# [Task requirements]
Beneath this line are entries. Copy the range from the line with "UK Size L Welsh Sea Glass Ring" to the line with "Fringe Leopard Detailed Oversized Sweater", ends included, exactly; leave pictures out.

:: Extracted information ::

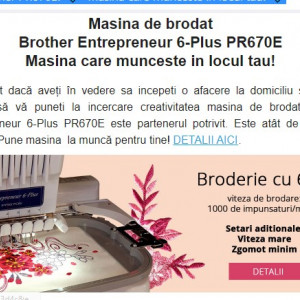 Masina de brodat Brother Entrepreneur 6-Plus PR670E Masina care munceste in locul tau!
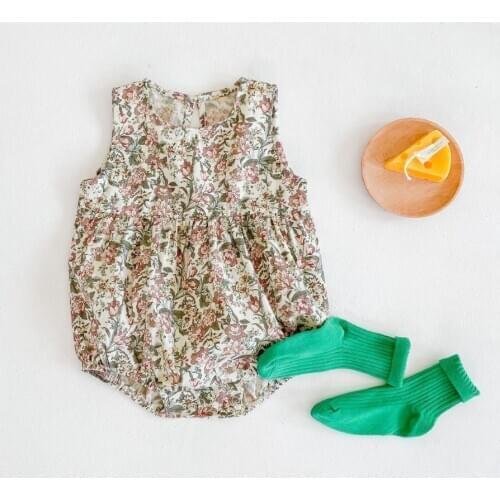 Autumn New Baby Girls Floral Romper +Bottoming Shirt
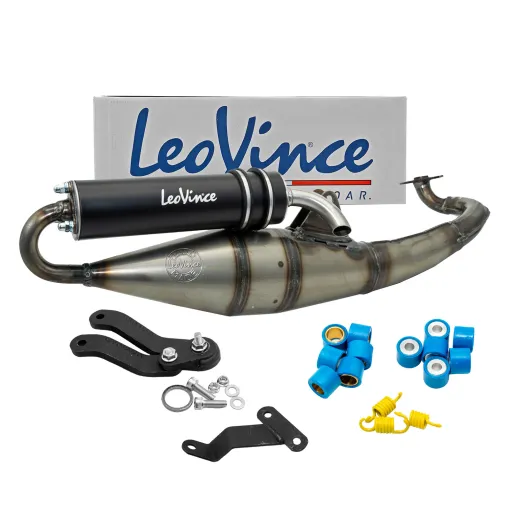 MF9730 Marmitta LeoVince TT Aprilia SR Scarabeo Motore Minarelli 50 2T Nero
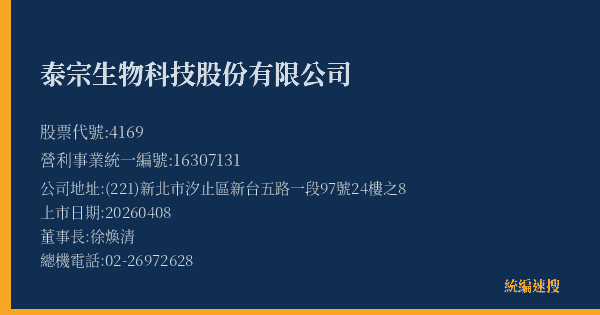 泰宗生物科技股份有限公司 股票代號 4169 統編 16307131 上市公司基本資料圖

:::
:: Extracted information ::

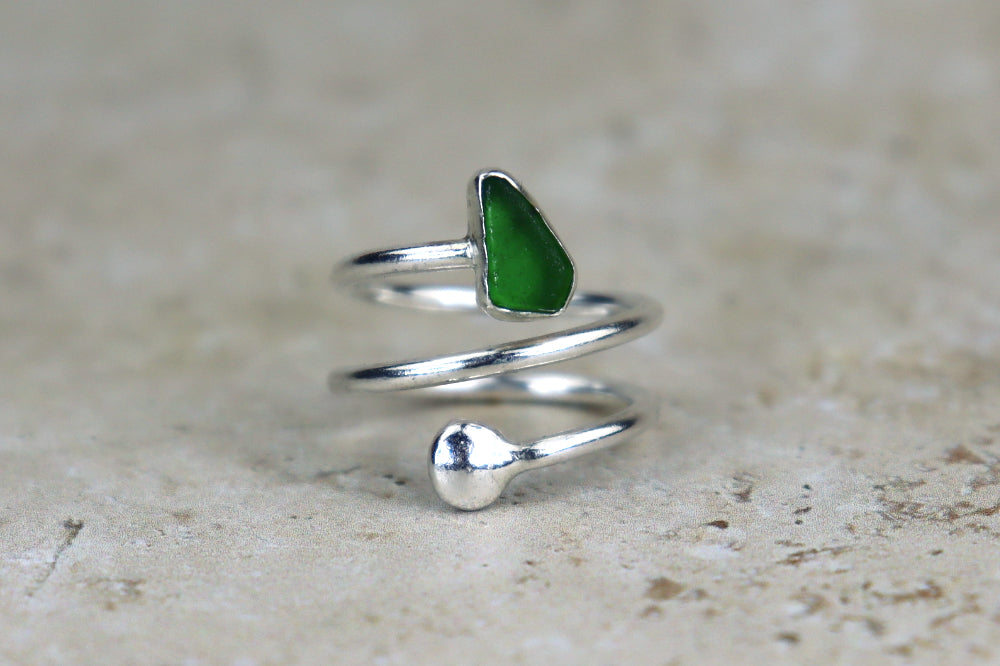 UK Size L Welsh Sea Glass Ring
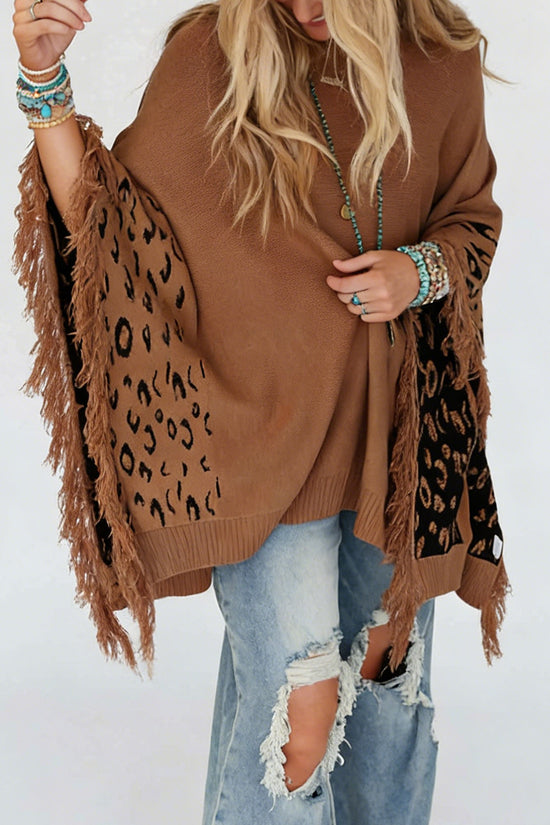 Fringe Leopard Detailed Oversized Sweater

:::
:: Extracted information ::

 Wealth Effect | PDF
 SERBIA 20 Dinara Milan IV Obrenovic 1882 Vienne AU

:::

# [The completed task]
 UK Size L Welsh Sea Glass Ring
 Fringe Leopard Detailed Oversized Sweater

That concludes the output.